Here are the measures whose fate Gov. Jerry Brown is expected to decide as soon as Friday morning.
Senate Bill 1446, authored by Sen. Loni Hancock, D-Berkeley, restricts possession of ammunition magazines that hold more than 10 rounds.
Assembly Bill 1674, authored by Assemblyman Miguel Santiago, D-Los Angeles, limits the number of long guns Californians can purchase to one a month -- a limit that now applies to handguns.
SB 1235, authored by Senate President Pro Tem Kevin de León, D-Los Angeles, regulates the sale of ammunition by requiring background checks.
AB 2607, authored by Assemblyman Phil Ting, D-San Francisco, expands the group of people who may request a gun violence restraining order to include mental health workers, employers, co-workers and school employees.
SB 880, authored by Sen.

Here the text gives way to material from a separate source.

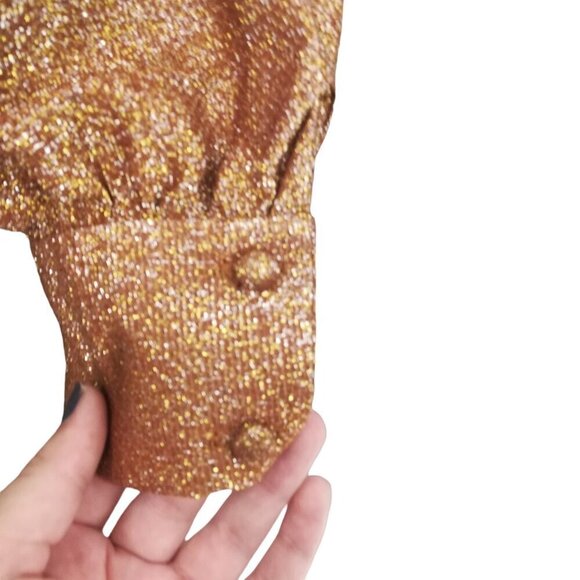 Vintage Fred Rothschild Metallic Maxi Sheath Dress Wrap Jacket Size 10 70s Party - Picture 14 of 15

Isadore Hall, D-South Bay, and AB 1135, authored by Assemblyman Marc Levine, D-San Rafael, effectively prohibits "bullet buttons" that make it easy to detach magazines.
AB 857, authored by Assemblyman Jim Cooper, D-Elk Grove, and AB 1673, authored by Assemblyman Mike Gipson, D-Carson, aim to eliminate the proliferation of so-called "ghost guns," which are manufactured at home and don't carry serial numbers.
SB 894, authored by Sen. Hannah-Beth Jackson, D-Santa Barbara, requires the reporting of a lost or stolen gun within a few days.
AB 1511, authored by Santiago, limits the lending of guns to family members who have not completed background checks.
AB 1176, authored by Cooper, places a measure on the November ballot to amend Proposition 47 by classifying the theft of a firearm as a felony even if the value of the gun is less than $950.
AB 1695, authored by Assemblyman Rob Bonta, D-Oakland, blocks people who have knowingly made false reports on the loss or theft of a gun from possessing firearms for 10 years.